我想访问子节点中存在的信息。这是因为文件的结构吗?
试图分别提取文件中的作者子节点信息并运行python代码。很好
import urllib
import xml.etree.ElementTree as ET
url = 'https://dailymed.nlm.nih.gov/dailymed/services/v2/spls/fe9e8b7d-61ea-409d-84aa-3ebd79a046b5.xml'
print 'Retrieving', url
document = urllib.urlopen (url).read()
print 'Retrieved', len(document), 'characters.'
print document[:50]
tree = ET.fromstring(document)
lst = tree.findall('title')
print lst[:100]
答案 0 :(得分:1)
您可以使用xmltodict来从请求的XML数据生成python字典。
这是一个基本示例:
import urllib2
import xmltodict
def foobar(request):
file = urllib2.urlopen('https://dailymed.nlm.nih.gov/dailymed/services/v2/spls/fe9e8b7d-61ea-409d-84aa-3ebd79a046b5.xml')
data = file.read()
file.close()
data = xmltodict.parse(data)
return {'xmldata': data}
答案 1 :(得分:0)
我通常更喜欢使用beautifulsoup 和{l1, l3}
解析器来解析xml。
下面的示例代码
lxml
输出
import requests
from bs4 import BeautifulSoup
url = 'https://dailymed.nlm.nih.gov/dailymed/services/v2/spls/fe9e8b7d-61ea-409d-84aa-3ebd79a046b5.xml'
document = requests.get(url)
soup= BeautifulSoup(document.content,"lxml-xml")
print (soup.find("title"))
然后您可以使用beautifulsoup提供的方法,例如<title>These highlights do not include all the information needed to use ZOLOFT safely and effectively.

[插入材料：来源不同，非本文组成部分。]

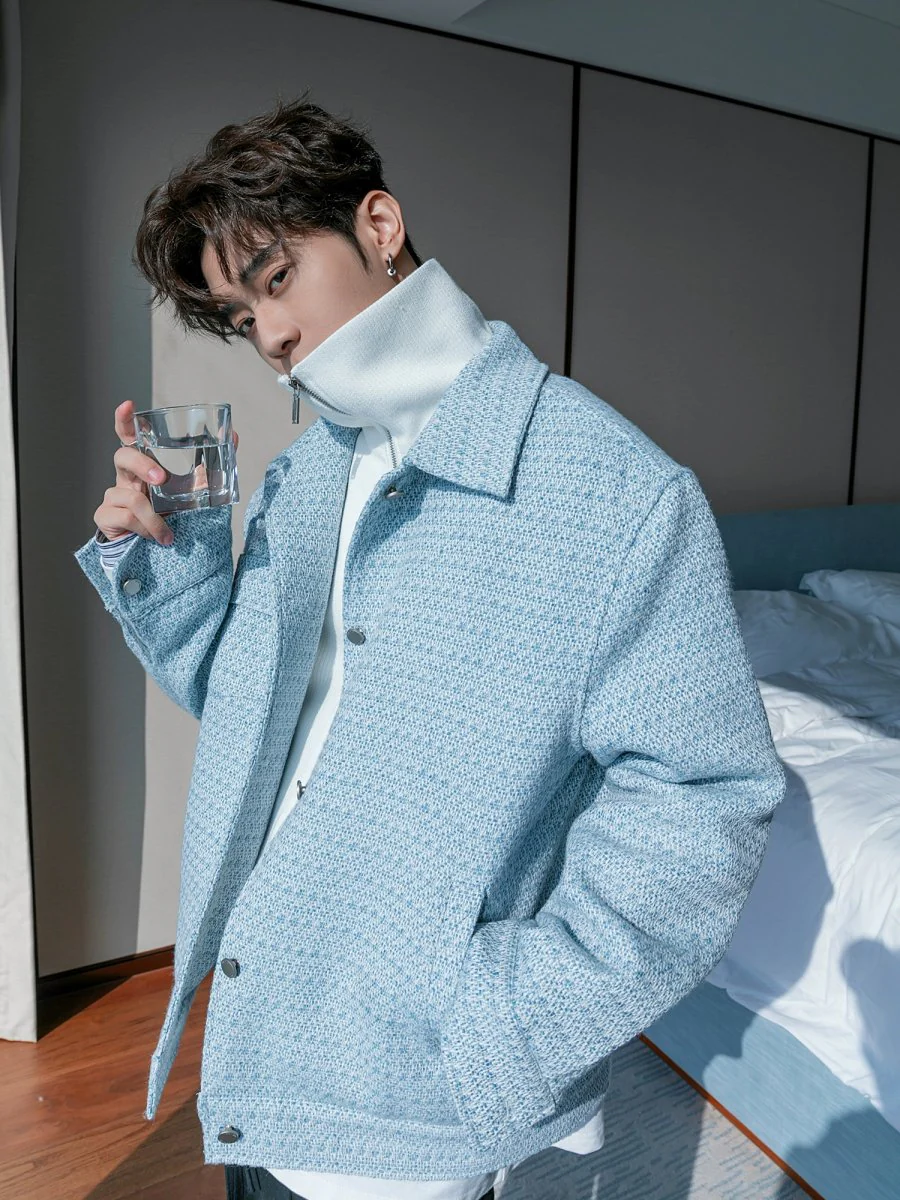 GS No. 158 Loose Winter Jacket - Image 2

See full prescribing information for ZOLOFT. <br/>
<br/>ZOLOFT (sertraline hydrochloride) tablets, for oral use <br/>ZOLOFT (sertraline hydrochloride) oral solution <br/>Initial U.S. Approval: 1991</title>
和find
来找到相应的节点或子节点
答案 2 :(得分:0)
由于名称空间,您找不到标题元素。
在示例代码下面找到:
import xml.etree.ElementTree as ET
import urllib.request
url = 'https://dailymed.nlm.nih.gov/dailymed/services/v2/spls/fe9e8b7d-61ea-409d-84aa-3ebd79a046b5.xml'
response = urllib.request.urlopen(url).read()
tree = ET.fromstring(response)
for docTitle in tree.findall('{urn:hl7-org:v3}title'):
print(docTitle.text)
for compTitle in tree.findall('.//{urn:hl7-org:v3}title'):
print(compTitle.text)
更新
如果您需要搜索XML节点,则应使用xPath Expressions
示例:
NS = '{urn:hl7-org:v3}'
ID = '829076996' # ID TO BE FOUND
# XPATH TO FIND AUTHORS BY ID (search ID and return related author node)

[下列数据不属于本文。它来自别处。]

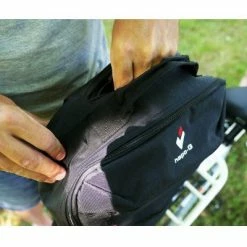 Sac à Dos Vélo 2-en-1 Fixation Sur Guidon De VAE MTS3 Hapo-G -Sacoches guidon Soldes Magasin sac a dos velo 2 en 1 fixation sur guidon de vae mts3 hapo g full 5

xPathAuthorById = ''.join([
".//",
NS, "author/",
NS, "assignedEntity/",
NS, "representedOrganization/",
NS, "id[@extension='", ID,
"']/../../.."
])
# XPATH TO FIND AUTHOR NAME ELEMENT
xPathAuthorName = ''.join([
"./",
NS, "assignedEntity/",
NS, "representedOrganization/",
NS, "name"
])
# FOR EACH AUTHOR FOUND, SEARCH ATTRIBUTES (example name)
for author in tree.findall(xPathAuthorById):
name = author.find(xPathAuthorName)
print(name.text)
此示例显示ID 829076996的作者姓名
更新2
您可以使用findall方法轻松处理所有AssignedEntity标签。 对于它们每个,您都可以拥有多个产品,因此需要另一种findall方法(请参见下面的示例)。
xPathAssignedEntities = ''.join([
".//",
NS, "author/",
NS, "assignedEntity/",
NS, "representedOrganization/",
NS, "assignedEntity/",
NS, "assignedOrganization/",
NS, "assignedEntity"
])
xPathProdCode = ''.join([
NS, "actDefinition/",
NS, "product/",
NS, "manufacturedProduct/",
NS, "manufacturedMaterialKind/",
NS, "code"
])
# GET ALL assignedEntity TAGS
for assignedEntity in tree.findall(xPathAssignedEntities):
# GET ID AND NAME OF assignedEntity
id = assignedEntity.find(NS + 'assignedOrganization/'+ NS + 'id').get('extension')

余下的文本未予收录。